TASK TO CARRY OUT: Please set down every line of the records below exactly, without the pictures.

DATA LISTING:
********************
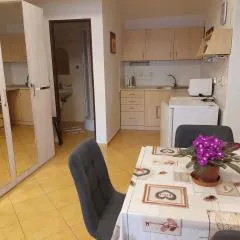 Ubytování Hamry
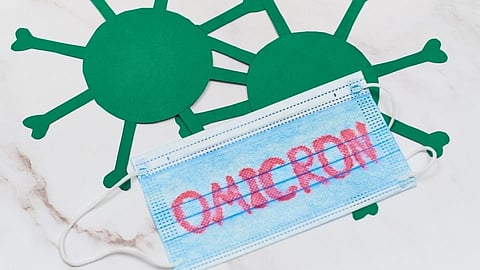 Omicron Variant : मी स्वत:ला सुरक्षित कसे ठेऊ शकतो?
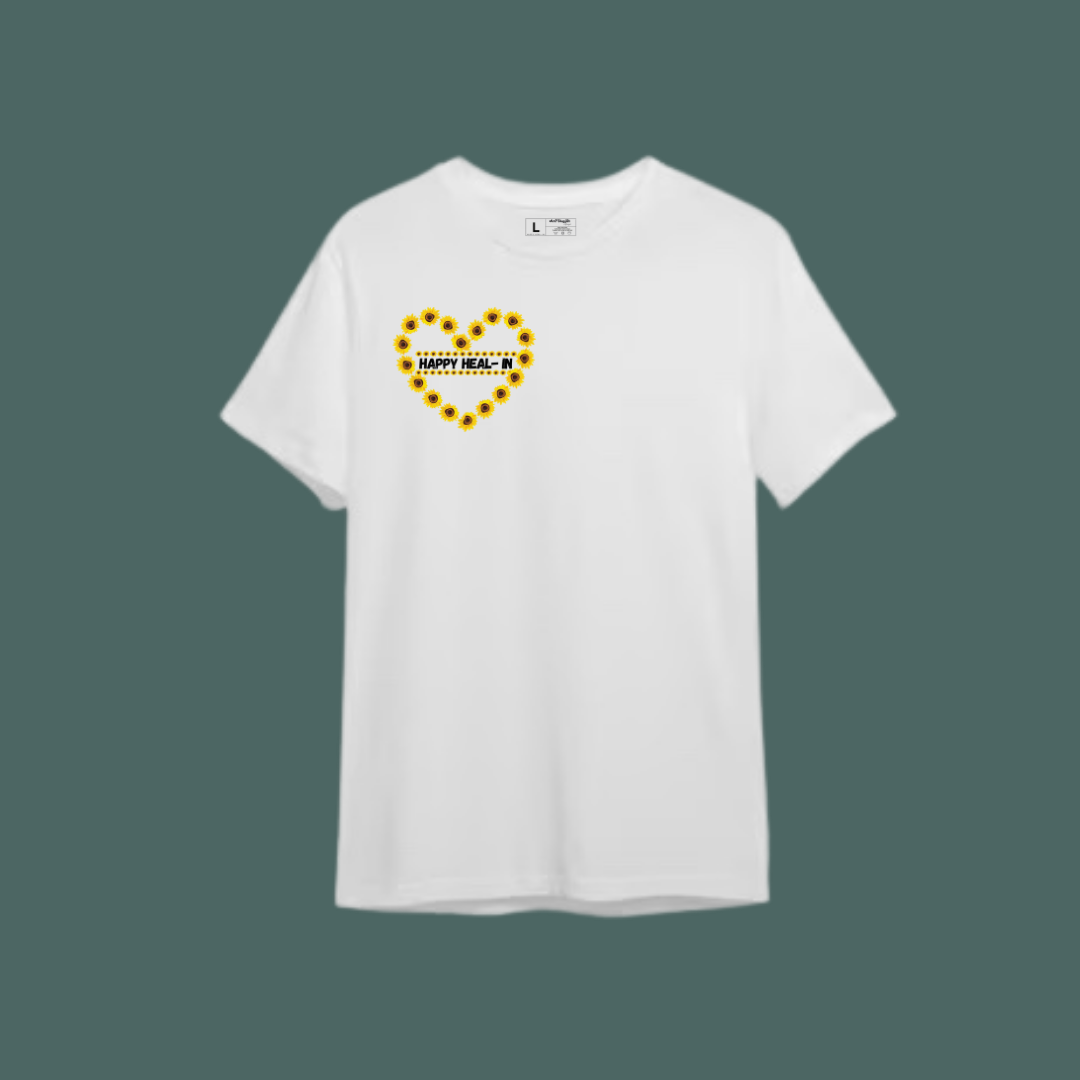 Happy Heal-IN T-Shirt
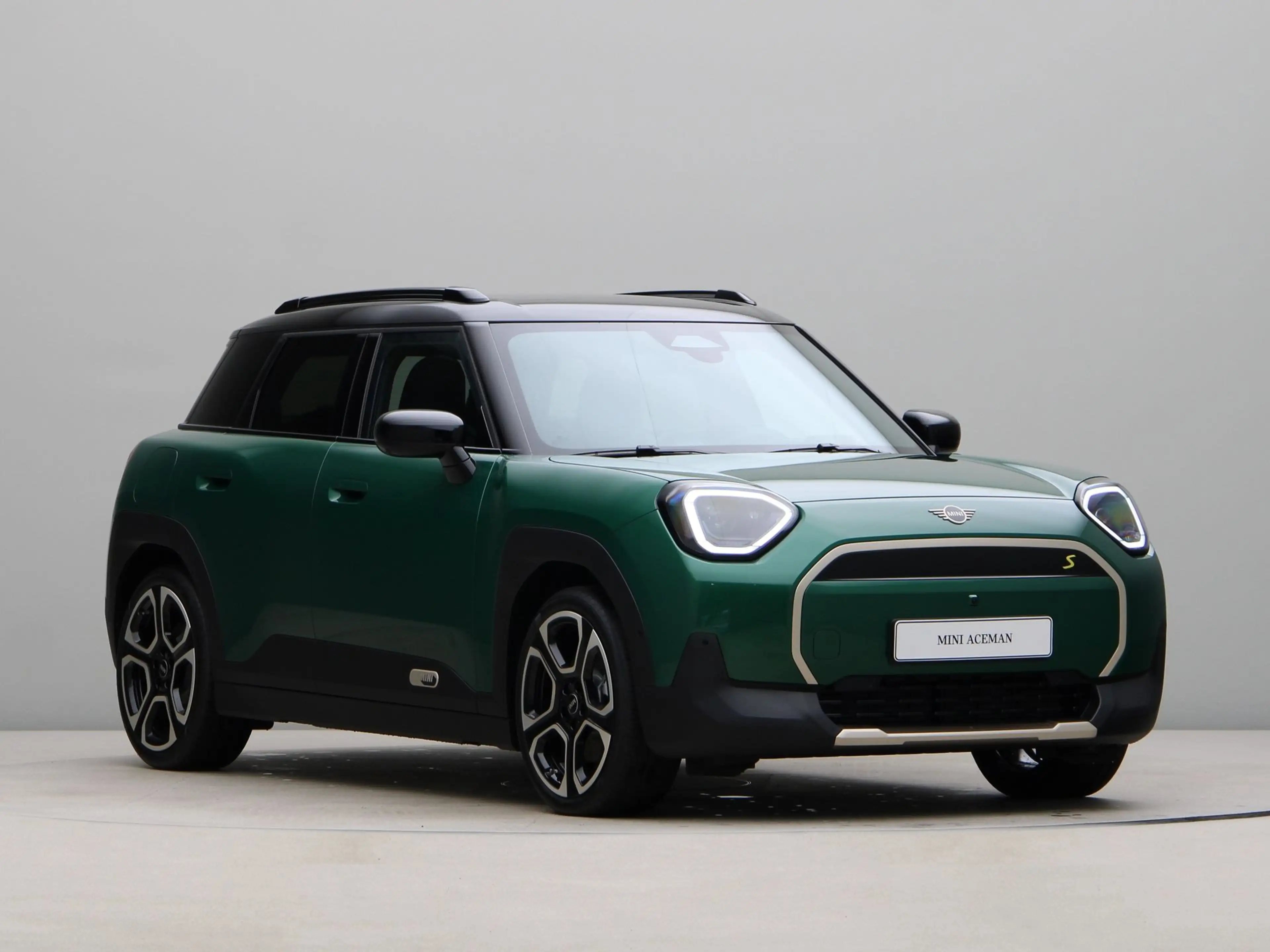 MINI Aceman SE Favoured Pakket L Accu conditie 100% — photo 7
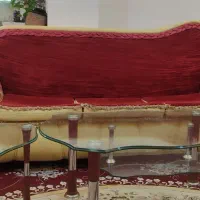 مبل راحتی|مبلمان خانگی و میز عسلی|سیاهکل, |دیوار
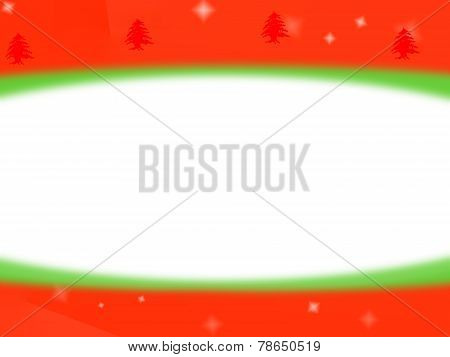Lebanese flag design background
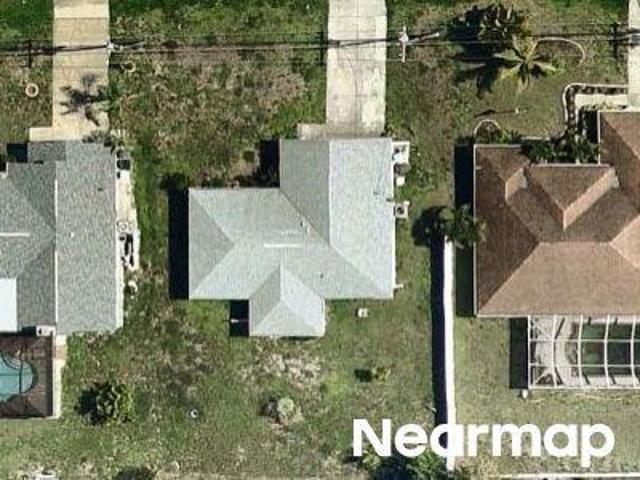 House for sale in Cape Coral, Florida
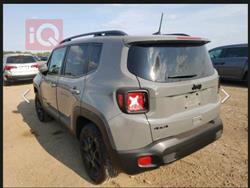 جیپ رێنێگەید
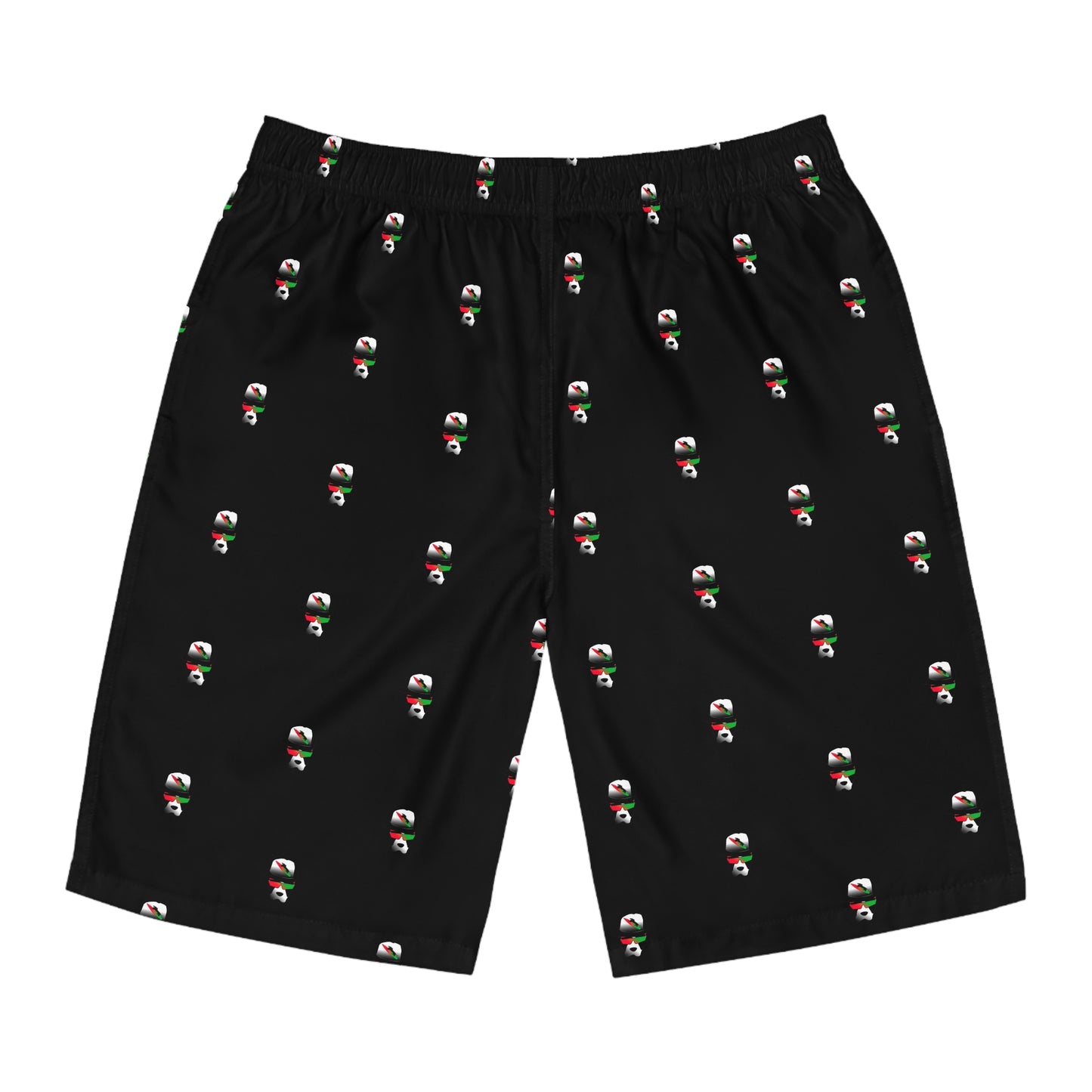 Driprime Streetwear Character Board Shorts (Men's)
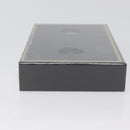 LOUIS VUITTON Multicolor Playing Cards Black White LV Auth AMZ463V-4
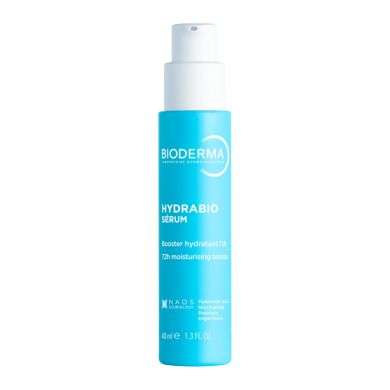 BIODERMA HYDRABIO SERUM CONCENTRE HYDRATANT 40 ML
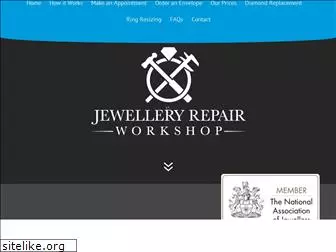 jewelleryrepairworkshop.co.uk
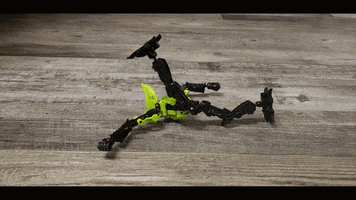 ThatSovekGuy explode stroke bionicle aneurysm GIF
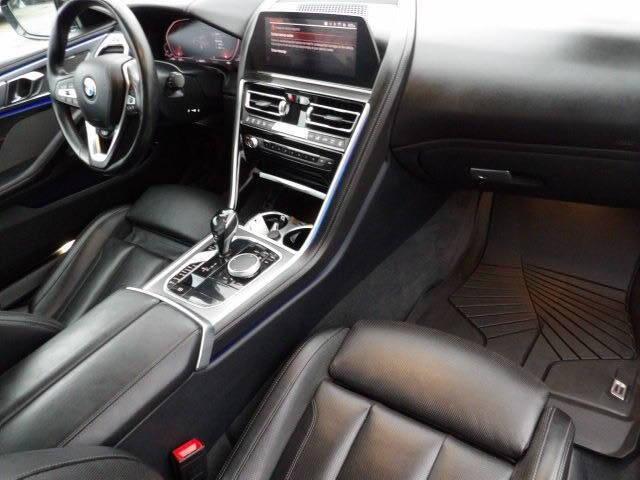 used 2020 BMW 840 car, priced at $35,888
********************
TASK ANSWER:
 Ubytování Hamry
 Omicron Variant : मी स्वत:ला सुरक्षित कसे ठेऊ शकतो?
 Happy Heal-IN T-Shirt
 MINI Aceman SE Favoured Pakket L Accu conditie 100% — photo 7
 مبل راحتی|مبلمان خانگی و میز عسلی|سیاهکل, |دیوار
Lebanese flag design background
 House for sale in Cape Coral, Florida
 جیپ رێنێگەید
 Driprime Streetwear Character Board Shorts (Men's)
 LOUIS VUITTON Multicolor Playing Cards Black White LV Auth AMZ463V-4
 BIODERMA HYDRABIO SERUM CONCENTRE HYDRATANT 40 ML
 jewelleryrepairworkshop.co.uk
 ThatSovekGuy explode stroke bionicle aneurysm GIF
 used 2020 BMW 840 car, priced at $35,888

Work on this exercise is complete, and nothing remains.